◆ EXERCISE AIM:
With the pictures left out, set down the line containing "Серебряная брошь с" and each line after it to the end of the material, exactly as written.
┌──
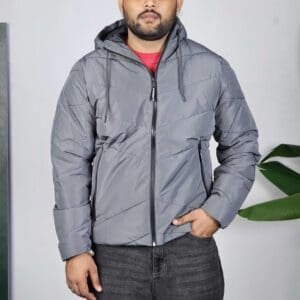 Red Tape Casual Hood Solid Grey Puffer Jacket for Men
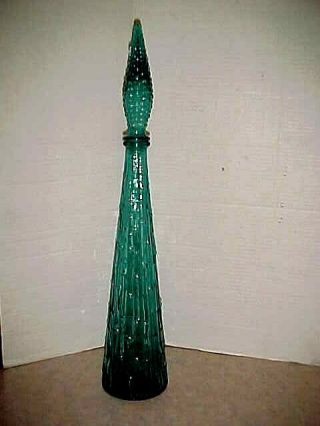 Vintage Tall Teal Blue Pressed Glass Genie Bottle Italian Wine Decanter 22 " Italy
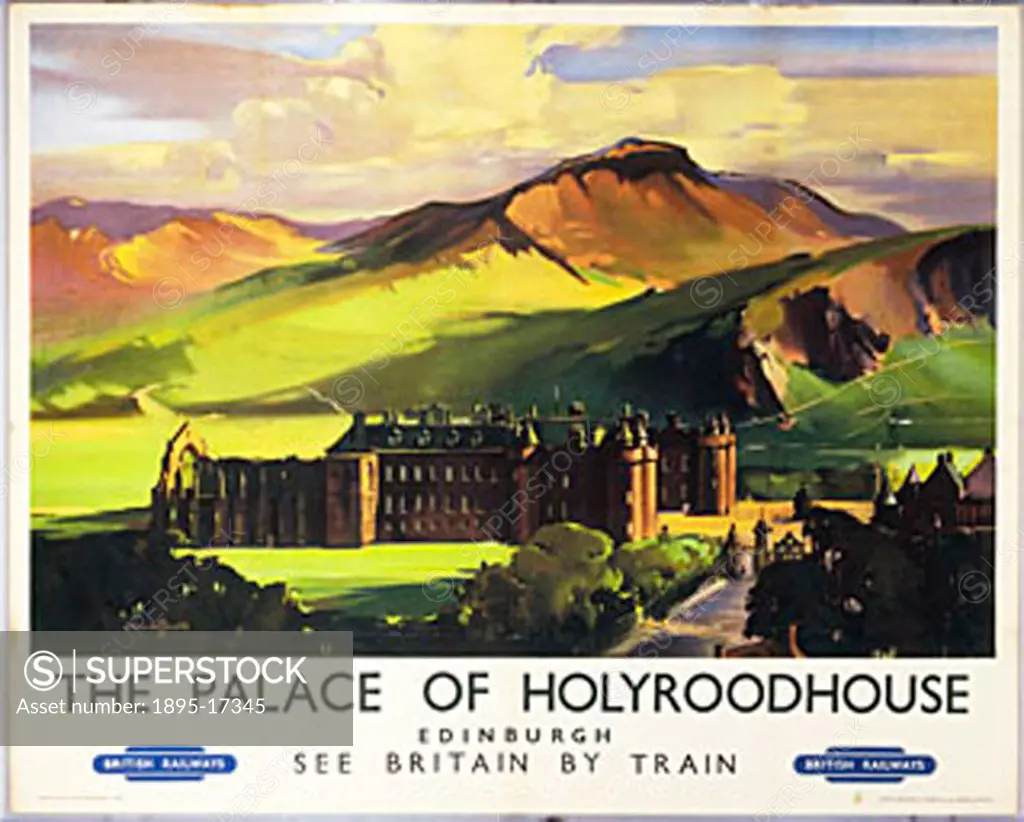 Poster produced by BR to promote travel to the Palace of Holyroodhouse in Edinburgh, one of the QueenÕs official residences. Artwork by Claude Buckle ...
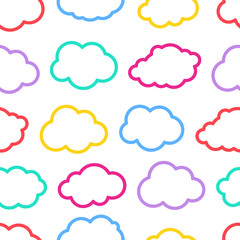 Obraz premium Seamless colorful vector outline cloud seamless pattern. vintage colorful clouds pattern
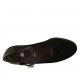 Decolté da donna con cinturino e plantare estraibile in camoscio e vernice nera zeppa 5 - Misure disponibili: 44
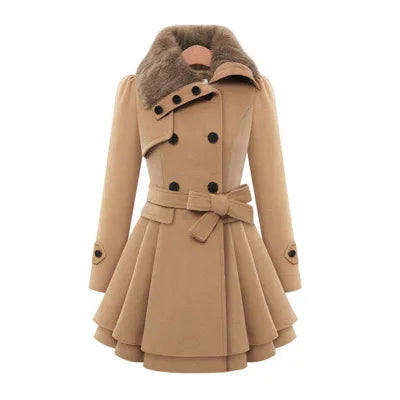 Famous Brown Women's Winter Slim Long Wool Sherpa Coat Double Breasted Padded Korean Cashmere Coat England Style Trench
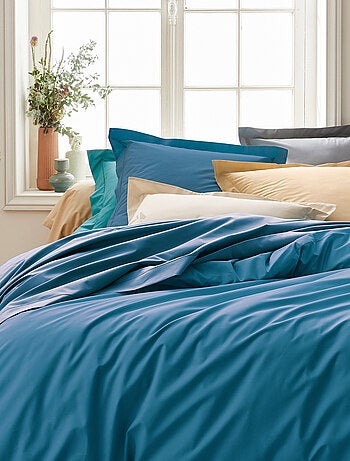 Drap housse en percale de coton uni PASSION PERCALE Bonnet de 40 cm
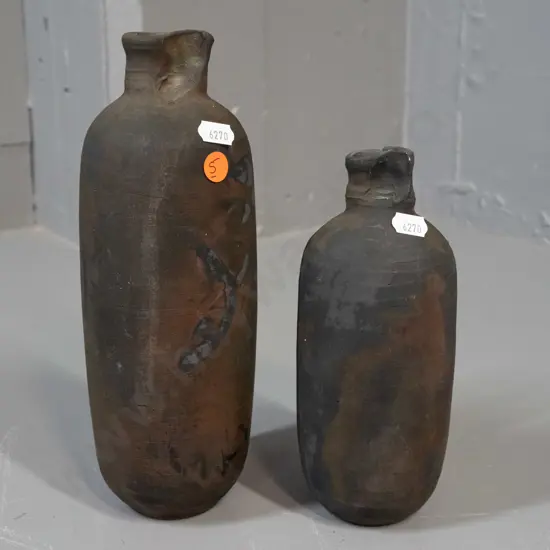 2 studio pottery raku glaze bottle vases with same maker's mark, one with impressed name (Penny Evans?) Smaller one has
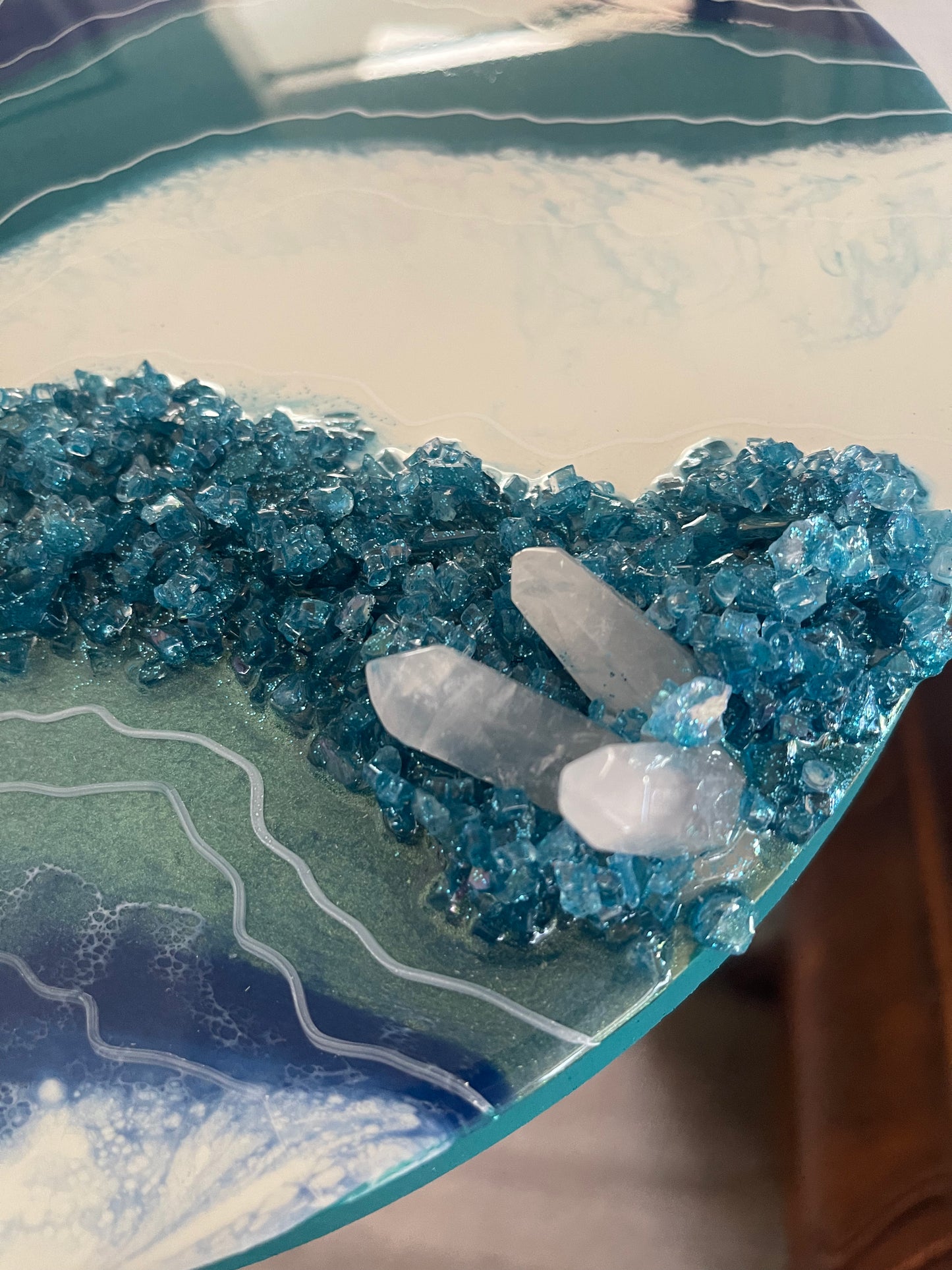 Clear quartz crystal resin geode painting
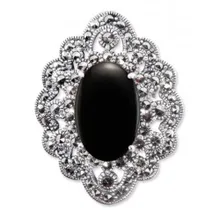 Серебряная брошь с марказитом и бирюзой Марказит HB534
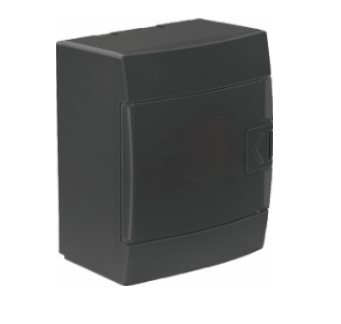 Quadro distribuição 4 módulos saliente preto IP40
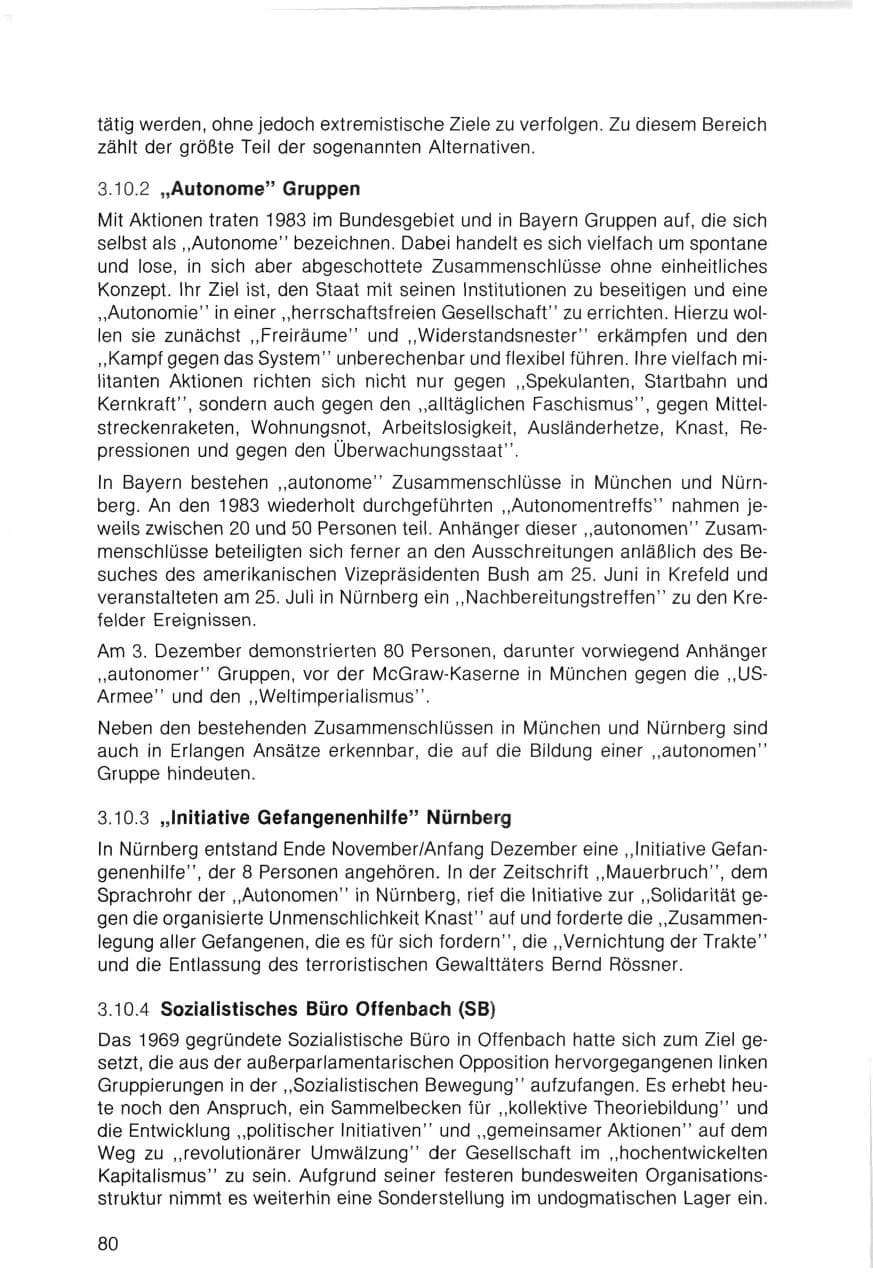 Seite 80 des Verfassungsschutzbericht 1983 Bayern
└──
◆ EXPECTED ANSWER:
 Серебряная брошь с марказитом и бирюзой Марказит HB534
 Quadro distribuição 4 módulos saliente preto IP40
 Seite 80 des Verfassungsschutzbericht 1983 Bayern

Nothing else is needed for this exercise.